▶ Data block:
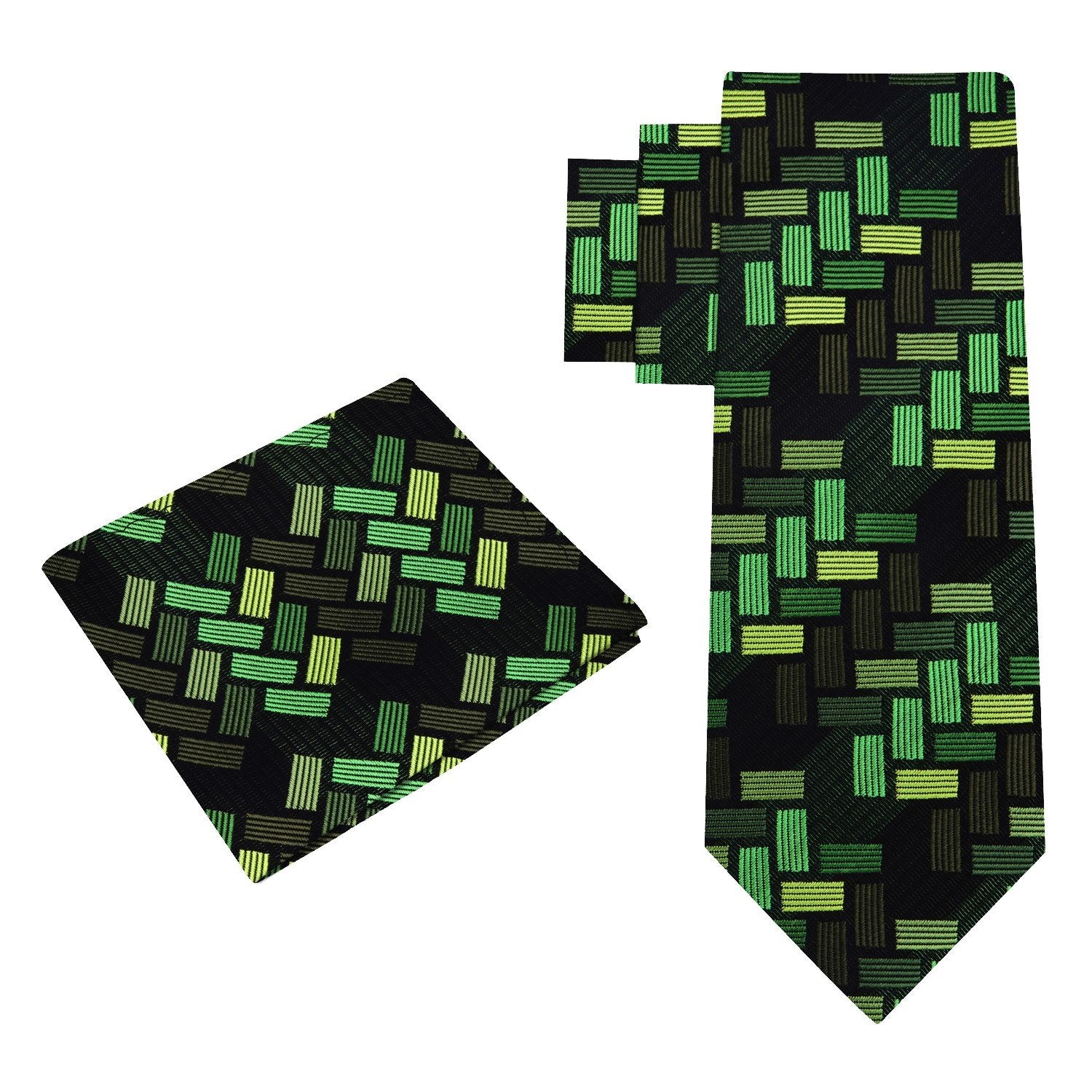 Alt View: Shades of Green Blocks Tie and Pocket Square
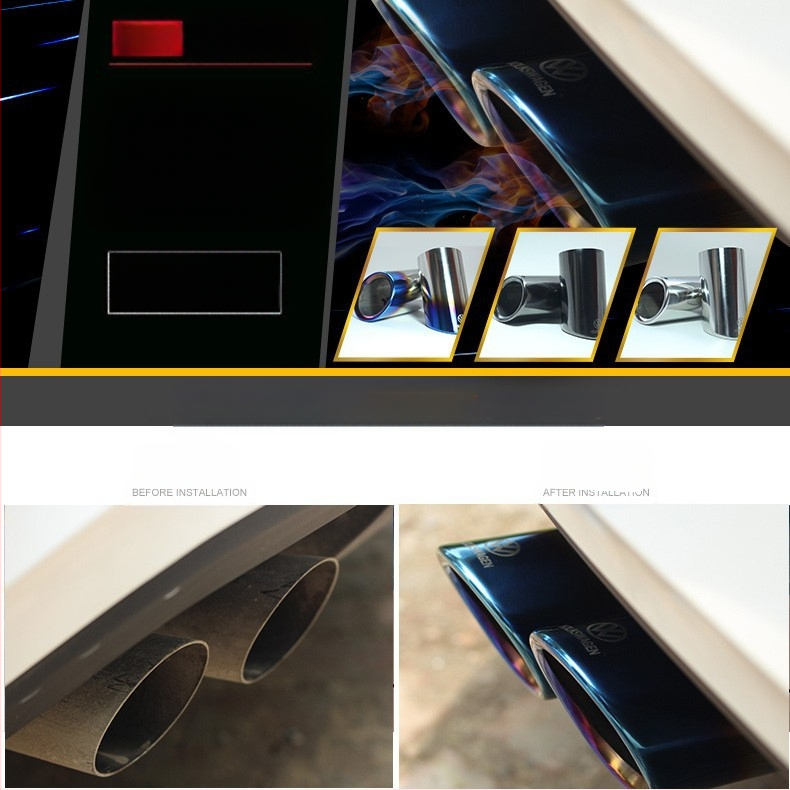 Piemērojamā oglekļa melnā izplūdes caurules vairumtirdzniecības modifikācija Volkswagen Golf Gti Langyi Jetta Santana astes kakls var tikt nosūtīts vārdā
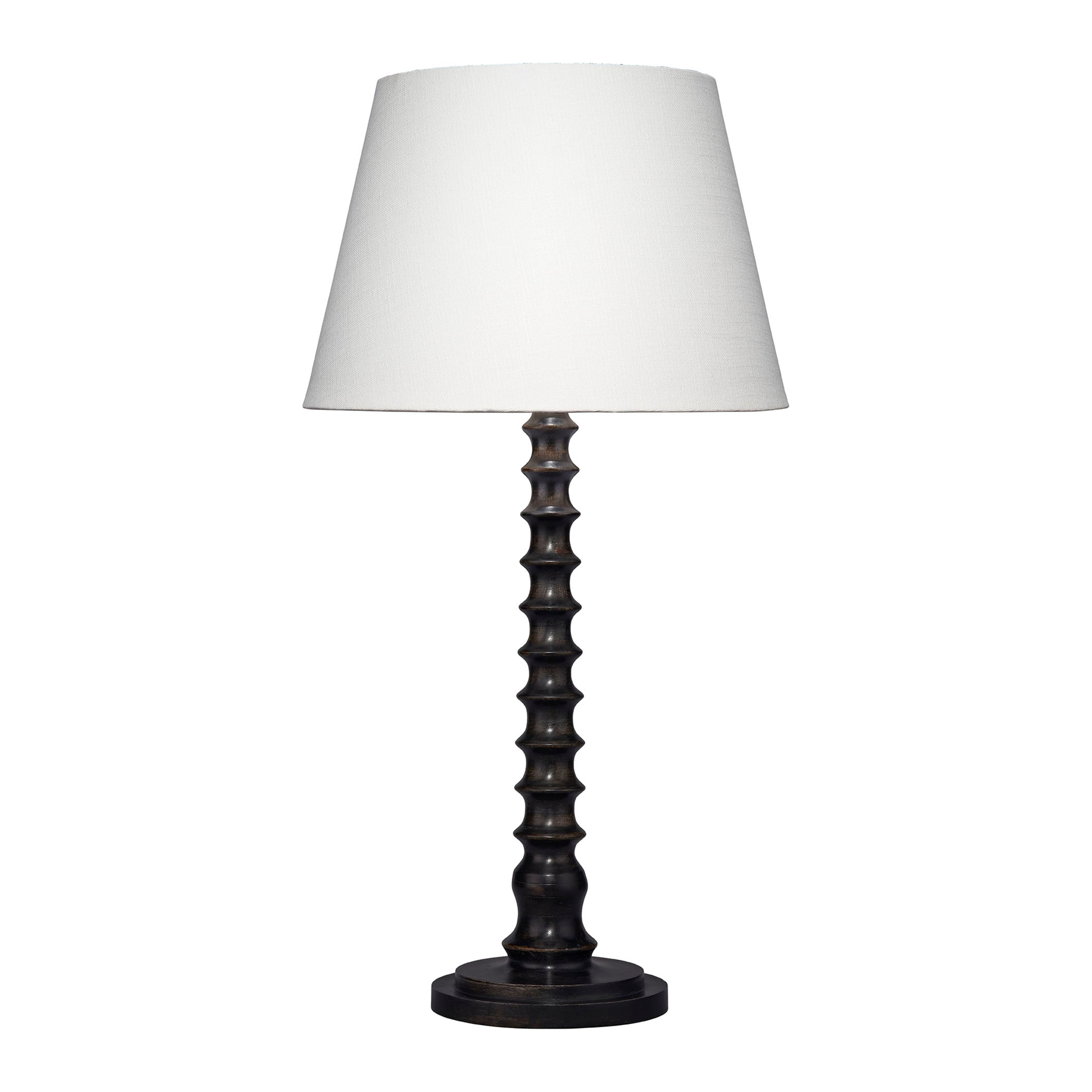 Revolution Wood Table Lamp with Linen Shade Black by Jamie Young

▶ Task to complete: Please write out all of the material above without changing a word, and omit any pictures.

▶ Exercise answer:
 Alt View: Shades of Green Blocks Tie and Pocket Square
 Piemērojamā oglekļa melnā izplūdes caurules vairumtirdzniecības modifikācija Volkswagen Golf Gti Langyi Jetta Santana astes kakls var tikt nosūtīts vārdā
 Revolution Wood Table Lamp with Linen Shade Black by Jamie Young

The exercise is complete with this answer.